Data START

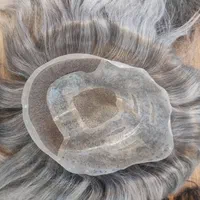 پروتز مو|خدمات آرایشگری و زیبایی|فردیس, طالقانی|دیوار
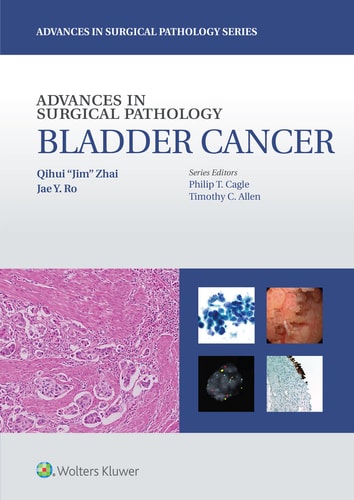 Advances in Surgical Pathology Bladder cancer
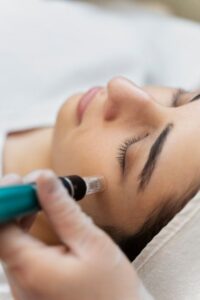 microneedling-vibrance-medical-spa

Data END

Go through the material above and print all of it exactly, except the pictures.

 پروتز مو|خدمات آرایشگری و زیبایی|فردیس, طالقانی|دیوار
 Advances in Surgical Pathology Bladder cancer
 microneedling-vibrance-medical-spa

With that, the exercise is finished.